Date of report (Date of earliest event reported)            APRIL 22, 1999
                                                            --------------


                              ORBCOMM GLOBAL, L.P.
- --------------------------------------------------------------------------------
             (Exact name of registrant as specified in its charter)

<TABLE>
<S>                                               <C>                                         <C>      
       DELAWARE                                   333-11149                                    4-1698039
- ---------------------------------------------------------------------------------------------------------------
(State or Other Jurisdiction                   (Commission                                     (IRS Employer
of Incorporation)                              File Number)                                 Identification No.)
</TABLE>


                         2455 HORSE PEN ROAD, SUITE 100
                             HERNDON, VIRGINIA 20171
- --------------------------------------------------------------------------------
               (Address of Principal Executive Offices) (Zip Code)


Registrant's telephone number, including area code:        (703) 406-6000
                                                           --------------


                                 NOT APPLICABLE
- --------------------------------------------------------------------------------
          (Former Name or Former Address, if Changed Since Last Report)



<PAGE>   2


ITEM 4.  CHANGES IN REGISTRANT'S CERTIFYING ACCOUNTANT.

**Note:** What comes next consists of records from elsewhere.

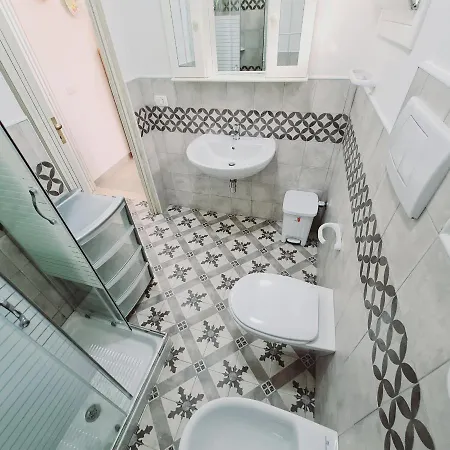 Casa Luce *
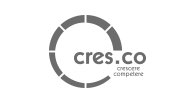 Cres.co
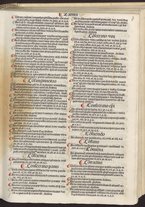 libroantico/RMLE045140/RMLE045140/15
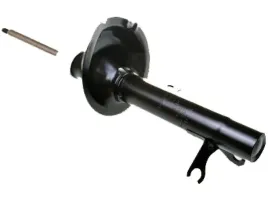 amortyzator-przod-lewy-ford-focus-98-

            By letter dated April 22, 1999, KPMG LLP (KPMG) notified the
Registrant that it had resigned as the Registrant's auditors. In the same letter
KPMG notified the Registrant that it was resigning as the auditors for two
of the Registrant's affiliates - ORBCOMM USA, L.P. and ORBCOMM International
Partners, L.P.

            KPMG's reports on the Registrant's, ORBCOMM USA's and ORBCOMM
International's financial statements for the years ended December 31, 1997 and
December 31, 1998 contained no adverse opinion or disclaimer of opinion, and
were not qualified as to uncertainty, audit scope or accounting principles.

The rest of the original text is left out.